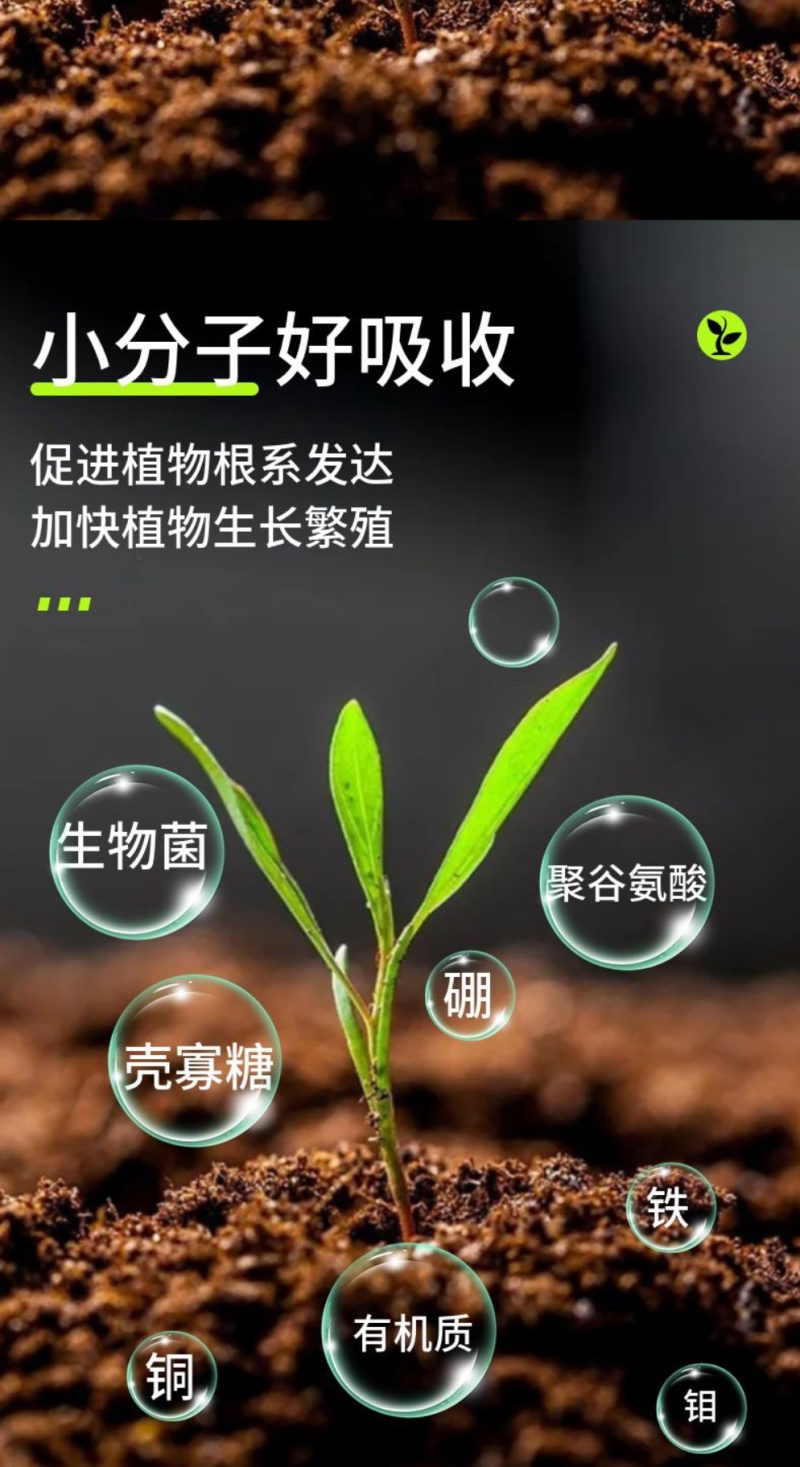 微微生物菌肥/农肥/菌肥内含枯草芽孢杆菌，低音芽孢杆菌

------------------------------------------------------------------------

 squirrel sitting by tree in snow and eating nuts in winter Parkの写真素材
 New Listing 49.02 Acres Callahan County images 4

------------------------------------------------------------------------

▸ WHAT IS BEING ASKED
Copy out each line of the data above, exactly, if it lies between the line holding "squirrel sitting by" and the line holding "New Listing 49.02", inclusive; copy no other line.

▸ REPLY
 squirrel sitting by tree in snow and eating nuts in winter Parkの写真素材
 New Listing 49.02 Acres Callahan County images 4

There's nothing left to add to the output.